Hybrid Gated Fusion

Protein function prediction model that fuses sequence, structure, text, and interaction embeddings with learned gating to assign Gene Ontology terms.

Released: April 2026

Predicting the molecular function of a protein from its sequence is one of the oldest open problems in computational biology, formalized through the community-wide Critical Assessment of Functional Annotation (CAFA) challenges. The task is framed as assigning Gene Ontology (GO) terms across three aspects — Biological Process (BPO), Cellular Component (CCO), and Molecular Function (MFO) — to proteins that have never been experimentally characterized. While single-source predictors built on protein language models have steadily improved, individual modalities capture only part of the functional picture: sequence and structure describe what a protein is, whereas text descriptions and interaction networks describe the functional context in which it operates.

Hybrid Gated Fusion, developed by Zijian Zhou and Daniel W. A. Buchan at University College London and released as a bioRxiv preprint in April 2026, addresses this by combining four complementary embedding sources within a single multimodal model. Rather than concatenating or equally weighting modalities, the framework uses a learned gating mechanism to assess both how informative each modality is for a given protein and how much the modalities agree with one another, dynamically down-weighting noisy or missing inputs.

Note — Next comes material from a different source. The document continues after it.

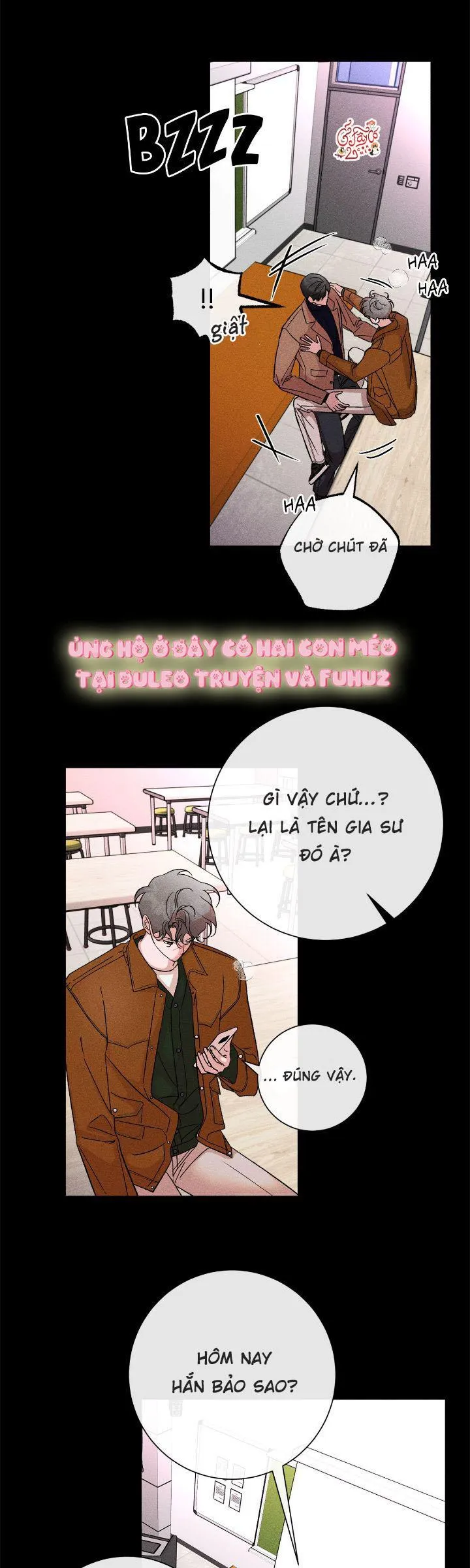 Người Yêu Của Anh Trai Tôi Chapter 42 Trang 31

The result is a compact predictor (a single model checkpoint of roughly 93.5 MB) that reports state-of-the-art Fmax on two of the three CAFA3 aspects while remaining competitive on the third, demonstrating that thoughtful fusion can outperform larger single-modality systems.

Key Features

Bilinear gated fusion: A learned gate evaluates each modality's informativeness and its cross-modal agreement, weighting inputs adaptively instead of treating all sources equally — the core mechanism behind the model's gains over single-source baselines.
Four complementary modalities: Integrates ProtT5-XL sequence embeddings (1024-D), ESM-IF1 inverse-folding structure embeddings (512-D), PubMedBERT text embeddings (768-D), and STRING protein-protein interaction network embeddings (512-D).
Robust to missing inputs: Learned masking lets the model handle proteins for which structure, text, or interaction data are unavailable, a common situation in real annotation pipelines.
Auxiliary supervision: Per-modality auxiliary heads reduce dominance by any single modality and preserve useful signal in weaker inputs.
Temporal decontamination: Test sets use historical UniProt records with a pre-2016 cutoff so that text descriptions cannot leak future annotations, guarding against an optimistic evaluation common to text-based predictors.

Technical Details

The framework, implemented in PyTorch and distributed as the psipred/PFP repository, takes precomputed embeddings from four frozen upstream encoders and fuses them through a hybrid gated bilinear module with modality-specific auxiliary heads. Training and evaluation follow the CAFA3 benchmark splits, with text features drawn from temporally filtered UniProt descriptions (pre-2016-02-17 cutoff) and structural coverage provided by AlphaFold models. Performance is reported with CAFA-compliant metrics — Fmax, weighted Fmax, and Smin. A single Hybrid Gated Fusion model achieves Fmax of 0.601 (BPO), 0.706 (CCO), and 0.702 (MFO), setting a new state of the art on Biological Process and Cellular Component while staying competitive on Molecular Function. Pretrained checkpoints and the full set of precomputed CAFA3 embeddings are deposited on Zenodo; the code and deposited artifacts are released under the MIT License.

Applications

The model is aimed at researchers and annotation pipelines that need GO term predictions for uncharacterized proteins — for example, prioritizing candidate genes from a newly sequenced genome, transferring functional hypotheses to proteins lacking experimental evidence, or augmenting reference databases. Because it gracefully degrades when modalities are missing, it can be applied to proteins with no resolved structure or no interaction-network entry, falling back on the available sequence and text signal. The released checkpoints and embeddings let users reproduce the CAFA3 results or fine-tune on their own annotation tasks without recomputing upstream representations.

Impact

Hybrid Gated Fusion contributes to a broader shift in protein function prediction away from single-modality language models toward systems that explicitly reconcile intrinsic features (sequence, structure) with extrinsic functional context (literature, interaction networks). By showing that a learned gating strategy — paired with careful temporal decontamination to prevent text leakage — can deliver state-of-the-art CAFA3 results from a single compact model, it offers a practical recipe for multimodal integration that downstream annotation tools can adopt. As a recent preprint its long-term adoption is not yet established, and the reported gains are specific to the CAFA3 benchmark rather than independently validated across diverse proteomes.

Citation

Hybrid Gated Fusion: A Multimodal Deep Learning Framework for Protein Function Annotation

Zhou, Z. & Buchan, D. (2026) Hybrid Gated Fusion: A Multimodal Deep Learning Framework for Protein Function Annotation. bioRxiv.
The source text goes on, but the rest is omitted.